Nor would you figure out how badly taxpayers are getting treated from reading the Washington Post article on Citi by David Cho and Binyamin Appelbaum. To their credit, however, Cho and Appelbaum nail down Citi's primary motivation for repaying the loan:
Banks have chafed at some of the conditions placed on the federal rescue money, such as limits on executive pay.... Beginning in 2010, Citigroup no longer will be subject to special federal supervision, including limits on compensation for top executives.
An article by Eric Dash and Andrew Martin in the New York Times does the Post one better by mentioning that the deal is bad for common-stock shareholders, but still fails to note that the government is one of those shareholders:
"It's terribly negative," said Richard Bove, an analyst at Rochdale Securities. "Management has shown that it is willing to take any action to harm shareholders as long as the executives get paid more money."
Mr. Bove said the payback did nothing to improve Citigroup's overall financial health, nor did it remove the bank entirely from government control. Instead, Citigroup's management had 'ruined' the stock price for the next three or four months, he said."
The points I make above are a critique only of the Obama administration's handling of its investment in Citi, but there are two other problems with the Citi bailout worth mentioning. Back in November 2008, when Citi received its second round of bailout funds, the Bush administration provided it with significantly more money than the company's stock market value at the time. Citi's market value was around $12 billion, and the government provided it with $20 billion. For the price we were willing to pay, we could have bought every share of Citi's common stock and more. Since the company is today worth about $90 billion, taxpayers would have earned a profit of $70 billion on that deal simply by demanding something close to a market rate of return on our investment. Instead, we've been getting paid 8 percent interest.

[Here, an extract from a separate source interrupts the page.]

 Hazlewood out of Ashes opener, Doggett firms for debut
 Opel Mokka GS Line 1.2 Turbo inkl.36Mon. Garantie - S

"We would own Citi. We would get all of the upside," says Black. "If you just thought about it from a conventional finance perspective, we are the fool in the market."
More important, Cit's ability to raise capital in the private sector at all is completely dependent on an implicit guarantee from the federal government. No matter how concerned investors might be about Citi's fundamentals, having watched the government bail out Citi twice last year, they know the government will not let the company fail. That fact eliminates a significant portion of the risk from investing in Citi--if Citi makes great banking decisions and the stock goes up, you make money. If Citi makes terrible choices and teeters on the brink of collapse, an investor knows the government will step in and spare them at least some of the pain. The government should not be giving companies this kind of advantage. It's unfair, and it violates every market-based principle in the book. But we certainly shouldn't give a company this kind of advantage without demanding something very significant in return. Instead, we're going to cut Citi loose from all government restrictions, and pay the bill if the company gets into trouble again.